Assignment. Once the line containing "8 Hollow Crescent, Narangba QLD 4504" is found in the entries below, restate it and each following line word for word, stopping after the line containing "Bước 2 Xào cà chua Cá diêu hồng nấu ngót".

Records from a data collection
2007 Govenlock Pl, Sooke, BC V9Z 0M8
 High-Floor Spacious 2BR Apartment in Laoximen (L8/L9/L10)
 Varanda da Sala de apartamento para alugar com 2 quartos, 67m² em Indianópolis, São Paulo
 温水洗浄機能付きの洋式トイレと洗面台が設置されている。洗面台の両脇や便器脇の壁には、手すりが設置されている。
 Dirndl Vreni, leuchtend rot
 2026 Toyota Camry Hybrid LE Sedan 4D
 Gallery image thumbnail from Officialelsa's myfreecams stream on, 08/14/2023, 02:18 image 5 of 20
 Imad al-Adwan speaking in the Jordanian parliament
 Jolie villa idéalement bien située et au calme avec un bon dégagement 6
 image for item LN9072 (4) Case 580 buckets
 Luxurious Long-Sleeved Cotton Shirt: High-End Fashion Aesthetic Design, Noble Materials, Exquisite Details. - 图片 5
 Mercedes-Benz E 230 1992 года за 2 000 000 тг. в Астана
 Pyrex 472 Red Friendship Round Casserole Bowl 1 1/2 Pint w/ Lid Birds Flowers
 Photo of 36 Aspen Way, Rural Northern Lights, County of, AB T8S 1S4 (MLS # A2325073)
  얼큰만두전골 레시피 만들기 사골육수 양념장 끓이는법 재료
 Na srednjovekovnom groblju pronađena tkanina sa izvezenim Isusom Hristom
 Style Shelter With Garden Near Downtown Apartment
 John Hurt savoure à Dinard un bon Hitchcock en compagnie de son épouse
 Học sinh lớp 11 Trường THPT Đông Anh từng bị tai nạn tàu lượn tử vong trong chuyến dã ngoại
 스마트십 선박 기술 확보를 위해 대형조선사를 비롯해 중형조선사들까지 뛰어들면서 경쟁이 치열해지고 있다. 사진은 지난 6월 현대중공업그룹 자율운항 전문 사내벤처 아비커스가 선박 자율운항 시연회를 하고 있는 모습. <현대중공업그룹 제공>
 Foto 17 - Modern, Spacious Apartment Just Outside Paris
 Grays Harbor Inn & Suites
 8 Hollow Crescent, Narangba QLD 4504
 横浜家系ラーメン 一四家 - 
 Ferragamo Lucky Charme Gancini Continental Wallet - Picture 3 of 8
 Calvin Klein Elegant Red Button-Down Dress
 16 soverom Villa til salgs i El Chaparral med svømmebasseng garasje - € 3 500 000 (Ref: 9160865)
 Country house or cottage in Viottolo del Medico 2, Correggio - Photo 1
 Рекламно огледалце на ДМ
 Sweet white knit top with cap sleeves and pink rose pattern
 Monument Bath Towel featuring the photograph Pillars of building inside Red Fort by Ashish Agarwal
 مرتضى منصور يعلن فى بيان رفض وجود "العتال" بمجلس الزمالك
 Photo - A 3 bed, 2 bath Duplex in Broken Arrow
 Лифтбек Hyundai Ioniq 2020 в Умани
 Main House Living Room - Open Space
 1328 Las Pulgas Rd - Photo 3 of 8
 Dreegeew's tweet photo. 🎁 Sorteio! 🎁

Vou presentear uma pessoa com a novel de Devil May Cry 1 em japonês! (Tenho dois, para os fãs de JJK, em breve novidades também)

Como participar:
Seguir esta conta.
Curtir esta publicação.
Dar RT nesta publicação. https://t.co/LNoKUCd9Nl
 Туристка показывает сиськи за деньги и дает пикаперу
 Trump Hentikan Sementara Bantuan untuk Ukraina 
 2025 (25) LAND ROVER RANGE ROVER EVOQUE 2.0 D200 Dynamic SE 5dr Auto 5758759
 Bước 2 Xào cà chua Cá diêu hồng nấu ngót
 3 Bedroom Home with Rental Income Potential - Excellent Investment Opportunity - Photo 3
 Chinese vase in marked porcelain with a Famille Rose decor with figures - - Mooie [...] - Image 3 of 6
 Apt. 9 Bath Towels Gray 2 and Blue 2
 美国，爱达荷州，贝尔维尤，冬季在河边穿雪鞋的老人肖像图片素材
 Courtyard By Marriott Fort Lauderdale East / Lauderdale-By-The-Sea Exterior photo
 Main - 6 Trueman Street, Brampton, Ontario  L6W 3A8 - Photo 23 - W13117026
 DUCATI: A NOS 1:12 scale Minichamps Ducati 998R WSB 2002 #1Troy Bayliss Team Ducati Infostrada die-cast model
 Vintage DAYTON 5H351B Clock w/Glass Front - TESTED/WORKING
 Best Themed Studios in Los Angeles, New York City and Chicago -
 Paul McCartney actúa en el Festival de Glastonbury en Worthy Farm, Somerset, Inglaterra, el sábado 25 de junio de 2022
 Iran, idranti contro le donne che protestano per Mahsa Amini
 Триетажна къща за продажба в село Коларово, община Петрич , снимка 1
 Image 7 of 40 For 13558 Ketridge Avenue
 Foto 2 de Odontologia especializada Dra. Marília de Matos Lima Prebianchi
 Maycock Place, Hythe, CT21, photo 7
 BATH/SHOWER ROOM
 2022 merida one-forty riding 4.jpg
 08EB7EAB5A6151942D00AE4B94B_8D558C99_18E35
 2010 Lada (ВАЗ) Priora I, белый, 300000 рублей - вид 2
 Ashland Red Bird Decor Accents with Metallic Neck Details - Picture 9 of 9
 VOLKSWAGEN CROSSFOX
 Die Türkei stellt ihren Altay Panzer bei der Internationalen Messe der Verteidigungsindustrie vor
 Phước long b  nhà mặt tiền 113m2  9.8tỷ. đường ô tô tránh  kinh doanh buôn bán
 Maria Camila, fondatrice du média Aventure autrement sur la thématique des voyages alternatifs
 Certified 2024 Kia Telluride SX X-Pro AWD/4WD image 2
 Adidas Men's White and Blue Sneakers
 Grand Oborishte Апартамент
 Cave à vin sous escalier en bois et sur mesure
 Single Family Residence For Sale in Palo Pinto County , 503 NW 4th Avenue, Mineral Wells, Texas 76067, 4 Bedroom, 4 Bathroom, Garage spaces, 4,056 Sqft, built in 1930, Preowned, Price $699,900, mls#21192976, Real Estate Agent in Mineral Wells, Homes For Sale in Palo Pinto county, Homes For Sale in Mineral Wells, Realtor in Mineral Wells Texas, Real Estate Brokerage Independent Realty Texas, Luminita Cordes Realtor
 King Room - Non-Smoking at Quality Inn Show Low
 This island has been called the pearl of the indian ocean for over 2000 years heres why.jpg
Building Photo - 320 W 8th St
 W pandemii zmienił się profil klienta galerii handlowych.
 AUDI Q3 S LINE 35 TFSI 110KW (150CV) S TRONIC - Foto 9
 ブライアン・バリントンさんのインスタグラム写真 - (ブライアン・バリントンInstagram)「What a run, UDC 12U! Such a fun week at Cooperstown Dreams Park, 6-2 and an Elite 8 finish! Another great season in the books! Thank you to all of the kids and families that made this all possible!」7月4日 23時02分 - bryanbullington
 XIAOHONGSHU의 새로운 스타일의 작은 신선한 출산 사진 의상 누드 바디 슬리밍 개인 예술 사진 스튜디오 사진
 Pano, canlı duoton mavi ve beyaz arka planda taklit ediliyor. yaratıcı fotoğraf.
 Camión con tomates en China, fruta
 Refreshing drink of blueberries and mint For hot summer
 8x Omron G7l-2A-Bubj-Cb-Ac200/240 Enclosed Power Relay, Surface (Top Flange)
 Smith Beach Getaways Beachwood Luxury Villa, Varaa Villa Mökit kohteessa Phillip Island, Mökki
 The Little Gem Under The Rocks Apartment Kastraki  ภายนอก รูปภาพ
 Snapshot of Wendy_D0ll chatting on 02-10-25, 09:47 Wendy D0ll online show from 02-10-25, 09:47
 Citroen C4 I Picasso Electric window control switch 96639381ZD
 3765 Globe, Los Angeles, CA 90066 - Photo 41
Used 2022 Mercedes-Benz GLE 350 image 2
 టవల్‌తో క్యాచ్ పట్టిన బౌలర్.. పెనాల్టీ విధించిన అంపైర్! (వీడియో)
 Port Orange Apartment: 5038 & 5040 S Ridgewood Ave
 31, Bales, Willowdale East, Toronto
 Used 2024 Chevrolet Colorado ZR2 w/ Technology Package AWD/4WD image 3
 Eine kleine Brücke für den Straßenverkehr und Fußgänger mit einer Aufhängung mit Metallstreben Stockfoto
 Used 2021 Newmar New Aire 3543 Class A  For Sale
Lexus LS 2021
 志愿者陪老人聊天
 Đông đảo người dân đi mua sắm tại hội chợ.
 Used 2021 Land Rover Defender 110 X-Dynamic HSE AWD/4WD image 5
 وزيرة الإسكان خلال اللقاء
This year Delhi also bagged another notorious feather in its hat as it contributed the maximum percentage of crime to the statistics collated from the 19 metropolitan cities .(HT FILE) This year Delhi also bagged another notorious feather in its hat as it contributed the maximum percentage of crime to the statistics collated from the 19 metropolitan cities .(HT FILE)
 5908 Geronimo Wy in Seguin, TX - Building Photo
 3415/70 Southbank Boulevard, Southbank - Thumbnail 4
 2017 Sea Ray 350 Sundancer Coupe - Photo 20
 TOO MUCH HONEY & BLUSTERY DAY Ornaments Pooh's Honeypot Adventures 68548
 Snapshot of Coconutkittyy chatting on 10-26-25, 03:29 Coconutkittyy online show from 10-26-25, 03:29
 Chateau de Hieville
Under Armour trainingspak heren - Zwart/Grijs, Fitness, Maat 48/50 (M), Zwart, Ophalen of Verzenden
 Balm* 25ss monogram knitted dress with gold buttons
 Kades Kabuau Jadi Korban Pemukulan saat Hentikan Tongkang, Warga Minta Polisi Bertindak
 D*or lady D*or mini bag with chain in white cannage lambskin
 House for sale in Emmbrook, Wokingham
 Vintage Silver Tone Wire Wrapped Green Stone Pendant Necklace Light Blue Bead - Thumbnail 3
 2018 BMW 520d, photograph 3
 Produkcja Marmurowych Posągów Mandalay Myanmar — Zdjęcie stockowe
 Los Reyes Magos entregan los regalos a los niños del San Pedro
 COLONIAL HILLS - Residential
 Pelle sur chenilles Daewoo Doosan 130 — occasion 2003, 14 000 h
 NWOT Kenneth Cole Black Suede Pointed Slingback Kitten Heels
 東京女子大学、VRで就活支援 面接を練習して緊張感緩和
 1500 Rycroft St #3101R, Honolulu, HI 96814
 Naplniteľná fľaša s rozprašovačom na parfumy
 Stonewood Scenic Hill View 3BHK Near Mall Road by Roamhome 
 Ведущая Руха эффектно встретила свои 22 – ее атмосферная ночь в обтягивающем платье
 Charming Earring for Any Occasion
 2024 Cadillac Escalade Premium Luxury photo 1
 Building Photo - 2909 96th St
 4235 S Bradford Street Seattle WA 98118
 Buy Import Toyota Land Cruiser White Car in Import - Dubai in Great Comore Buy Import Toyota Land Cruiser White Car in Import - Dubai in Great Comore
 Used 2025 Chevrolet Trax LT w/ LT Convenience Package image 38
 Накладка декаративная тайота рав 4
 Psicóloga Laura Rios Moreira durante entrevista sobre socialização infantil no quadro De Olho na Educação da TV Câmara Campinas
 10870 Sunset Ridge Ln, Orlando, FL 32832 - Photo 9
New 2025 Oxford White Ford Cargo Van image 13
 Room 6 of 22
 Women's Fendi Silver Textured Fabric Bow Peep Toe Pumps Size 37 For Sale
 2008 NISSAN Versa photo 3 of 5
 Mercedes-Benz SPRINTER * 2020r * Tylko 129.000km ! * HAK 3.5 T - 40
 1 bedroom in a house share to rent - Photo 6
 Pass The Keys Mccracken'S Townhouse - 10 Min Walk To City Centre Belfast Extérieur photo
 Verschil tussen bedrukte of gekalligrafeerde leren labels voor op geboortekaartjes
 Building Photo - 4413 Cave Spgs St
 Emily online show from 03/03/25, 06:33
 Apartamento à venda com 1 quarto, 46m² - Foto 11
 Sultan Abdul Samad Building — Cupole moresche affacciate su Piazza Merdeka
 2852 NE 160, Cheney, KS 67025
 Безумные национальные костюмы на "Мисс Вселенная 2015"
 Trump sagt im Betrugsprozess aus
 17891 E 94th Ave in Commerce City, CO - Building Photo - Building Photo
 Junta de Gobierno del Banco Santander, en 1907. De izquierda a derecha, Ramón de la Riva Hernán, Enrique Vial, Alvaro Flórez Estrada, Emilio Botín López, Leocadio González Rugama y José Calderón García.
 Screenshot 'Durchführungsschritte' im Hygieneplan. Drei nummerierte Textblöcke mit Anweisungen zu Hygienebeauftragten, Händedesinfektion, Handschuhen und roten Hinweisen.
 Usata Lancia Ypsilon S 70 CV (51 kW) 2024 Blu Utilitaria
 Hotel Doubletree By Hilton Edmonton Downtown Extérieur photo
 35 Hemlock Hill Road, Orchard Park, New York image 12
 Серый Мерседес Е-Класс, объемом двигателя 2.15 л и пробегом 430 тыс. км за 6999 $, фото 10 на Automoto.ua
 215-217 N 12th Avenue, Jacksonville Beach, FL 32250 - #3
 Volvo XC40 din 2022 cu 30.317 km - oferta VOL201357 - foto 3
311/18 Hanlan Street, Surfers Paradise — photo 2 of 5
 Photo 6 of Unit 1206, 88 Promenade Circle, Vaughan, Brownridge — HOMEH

Result.
 8 Hollow Crescent, Narangba QLD 4504
 横浜家系ラーメン 一四家 - 
 Ferragamo Lucky Charme Gancini Continental Wallet - Picture 3 of 8
 Calvin Klein Elegant Red Button-Down Dress
 16 soverom Villa til salgs i El Chaparral med svømmebasseng garasje - € 3 500 000 (Ref: 9160865)
 Country house or cottage in Viottolo del Medico 2, Correggio - Photo 1
 Рекламно огледалце на ДМ
 Sweet white knit top with cap sleeves and pink rose pattern
 Monument Bath Towel featuring the photograph Pillars of building inside Red Fort by Ashish Agarwal
 مرتضى منصور يعلن فى بيان رفض وجود "العتال" بمجلس الزمالك
 Photo - A 3 bed, 2 bath Duplex in Broken Arrow
 Лифтбек Hyundai Ioniq 2020 в Умани
 Main House Living Room - Open Space
 1328 Las Pulgas Rd - Photo 3 of 8
 Dreegeew's tweet photo. 🎁 Sorteio! 🎁

Vou presentear uma pessoa com a novel de Devil May Cry 1 em japonês! (Tenho dois, para os fãs de JJK, em breve novidades também)

Como participar:
Seguir esta conta.
Curtir esta publicação.
Dar RT nesta publicação. https://t.co/LNoKUCd9Nl
 Туристка показывает сиськи за деньги и дает пикаперу
 Trump Hentikan Sementara Bantuan untuk Ukraina 
 2025 (25) LAND ROVER RANGE ROVER EVOQUE 2.0 D200 Dynamic SE 5dr Auto 5758759
 Bước 2 Xào cà chua Cá diêu hồng nấu ngót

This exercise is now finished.